» DATASET EXCERPT
================================

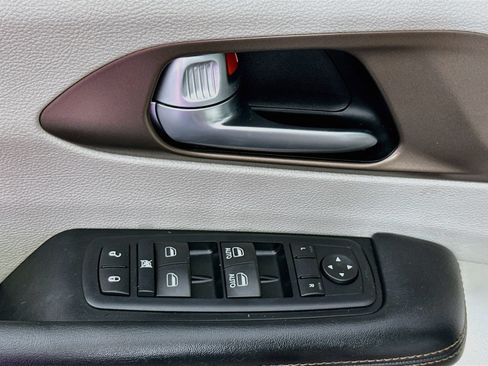 Used 2017 Chrysler Pacifica Touring-L FWD image 19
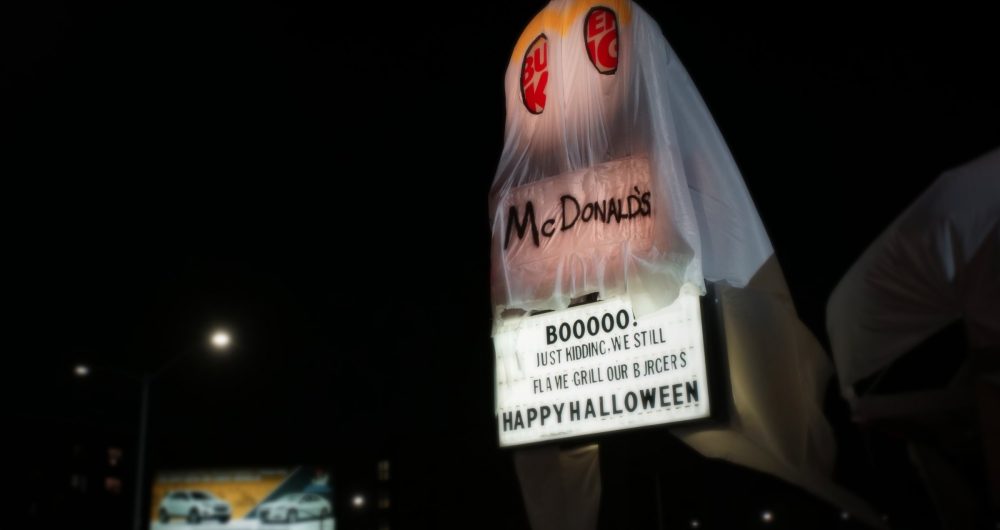dans-ta-pub-burger-king-halloween-mcdonald-troll-ghost-2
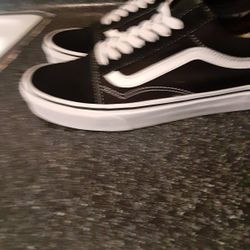 Vans mens 8.5 Great Condition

================================

Once the pictures are set aside, give the rest of the listing again exactly.

» TASK RESPONSE
 Used 2017 Chrysler Pacifica Touring-L FWD image 19
dans-ta-pub-burger-king-halloween-mcdonald-troll-ghost-2
 Vans mens 8.5 Great Condition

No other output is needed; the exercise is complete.